Collected data:
• • • • • • •
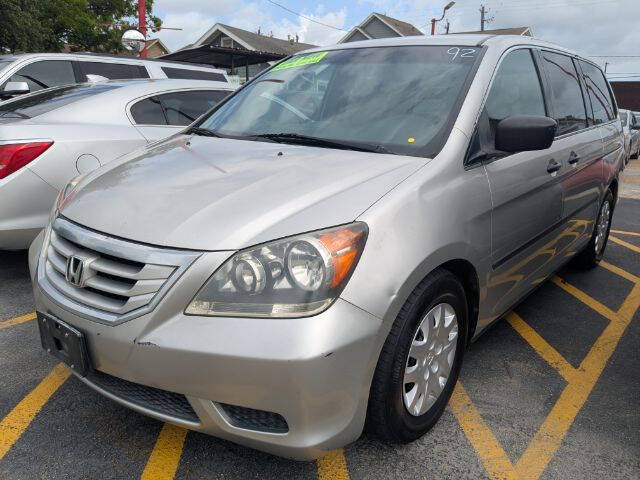 2008 Honda Odyssey LX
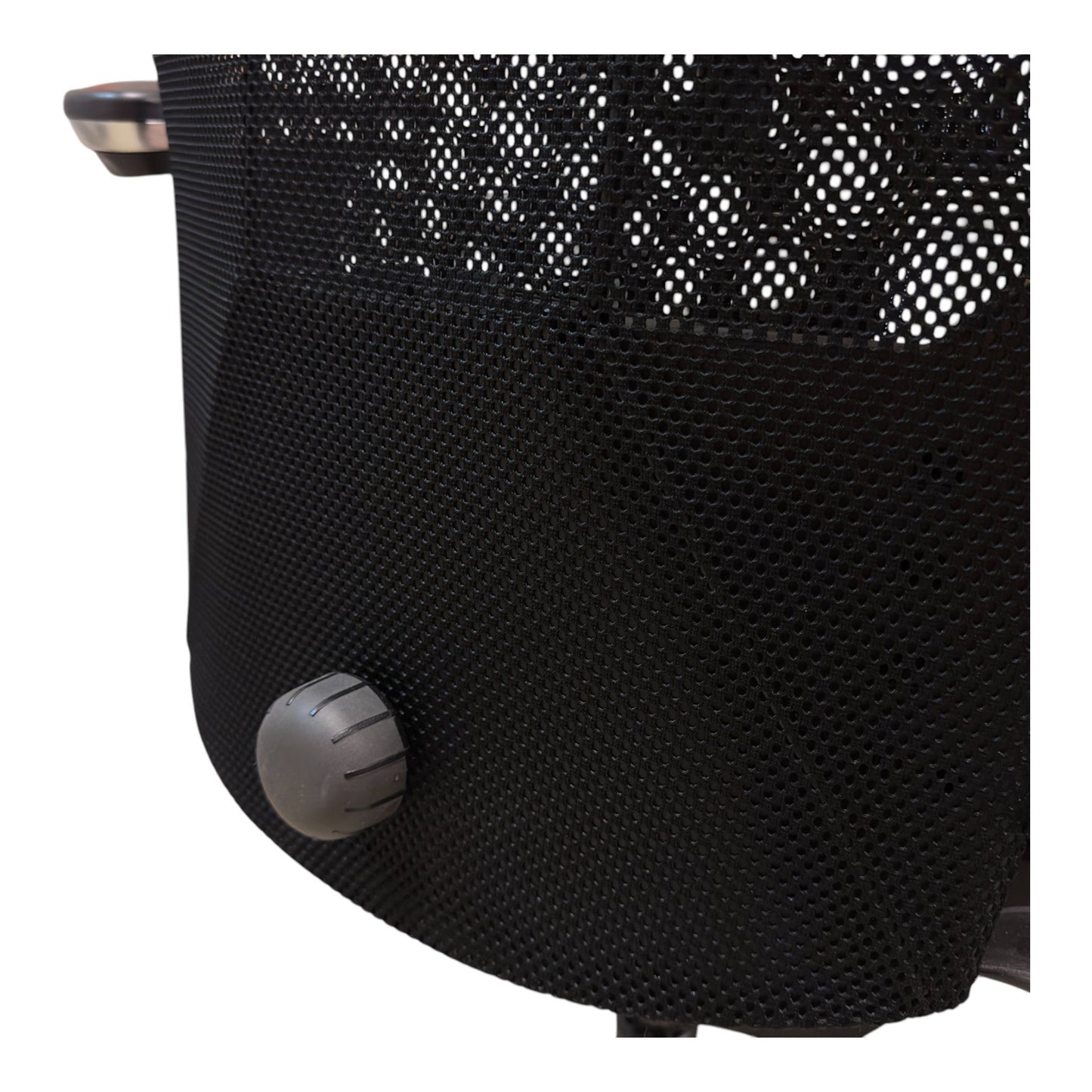 Kontorstol fra Kinnarps 5000, stripete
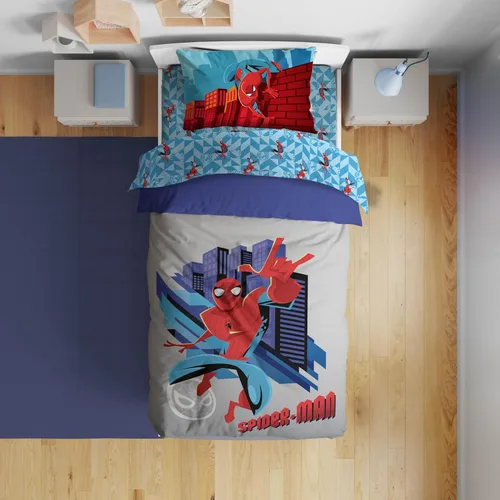 Miniatura 23 de Sunny Side Up Bluey & Friends - Juego de edredón tamaño completo, ropa de cama infantil de 7 piezas, incluye edredón, sábanas y funda de almohada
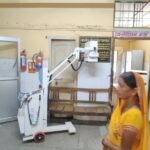 कुशीनगर मेडिकल कॉलेज में बड़ा हादसा टला, एक्सरे वार्ड में करंट की आशंका से मची अफरा-तफरी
• • • • • • •
Task item:
Copy out the listing above in full and keep the pictures out.

Answer to this task:
 2008 Honda Odyssey LX
 Kontorstol fra Kinnarps 5000, stripete
 Miniatura 23 de Sunny Side Up Bluey & Friends - Juego de edredón tamaño completo, ropa de cama infantil de 7 piezas, incluye edredón, sábanas y funda de almohada
 कुशीनगर मेडिकल कॉलेज में बड़ा हादसा टला, एक्सरे वार्ड में करंट की आशंका से मची अफरा-तफरी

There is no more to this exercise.